Resultado en taza: el más dulce, afrutado y con más cuerpo de los tres, a veces con notas que recuerdan al vino, a fruta madura o incluso a fermentado. Es también el proceso con más variación de un lote a otro, porque el resultado depende mucho del clima durante el secado y de lo bien controlado que esté. Cuando sale bien, es espectacular; cuando sale mal, se nota un toque a fermentado desagradable en vez de a fruta madura.
Honey: el punto intermedio
El nombre confunde —no lleva miel—, viene del aspecto pegajoso y dorado del mucílago cuando se deja parcialmente sobre el grano durante el secado. Se retira la piel de la cereza pero se conserva una parte del mucílago (de un 10% a prácticamente el 100%, según el tipo), y el grano seca así, con la fruta pegada directamente al pergamino.
Los tostadores suelen distinguir el grado con un color: honey blanco o amarillo (muy poco mucílago, más cerca del lavado), honey rojo (nivel intermedio) y honey negro (casi todo el mucílago, más cerca del natural, y el secado más lento y delicado de los tres).
Resultado en taza: un punto medio real entre lavado y natural —más dulzor y cuerpo que un lavado, pero más definición y menos variabilidad que un natural. Es, para mucha gente, el punto más equilibrado para el día a día.
Cómo elegir según lo que te gusta
No hace falta memorizar la teoría para usarla en la cafetería o en la tienda. Basta con este atajo:
Si te gusta el café con acidez marcada, notas cítricas y sabor "limpio" → busca lavado. Es también la mejor opción si preparas en V60 o Chemex, métodos que ya de por sí resaltan la claridad.

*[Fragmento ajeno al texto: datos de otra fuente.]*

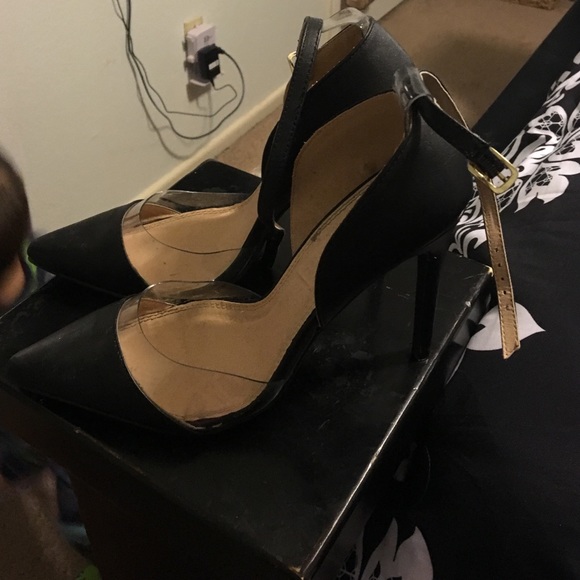 Heels - Picture 2 of 2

Si te gusta el café dulce, con cuerpo y notas de fruta madura, casi a postre → busca natural. Funciona especialmente bien en espresso, donde ese dulzor y cuerpo se notan mucho.
Si no sabes qué prefieres, o quieres algo equilibrado → empieza por un honey. Es el proceso que menos sorprende y el que mejor tolera casi cualquier método de preparación.
Una variable más, no la única
El proceso no sustituye al origen ni al tueste —los tres trabajan juntos. Un natural de Etiopía y un natural de Brasil no saben igual, aunque compartan proceso, porque la variedad del grano y el terroir siguen siendo la base. Pero una vez que sabes leer esta palabra en la etiqueta, tienes una pista mucho más fiable de cómo va a saber ese café que el nombre bonito de la finca o una puntuación en la bolsa.
La próxima vez que compres una bolsa nueva, antes de mirar las notas de cata, mira el proceso. Con la teoría de arriba, ya puedes hacerte una idea bastante precisa de lo que te vas a encontrar antes incluso de abrir el paquete.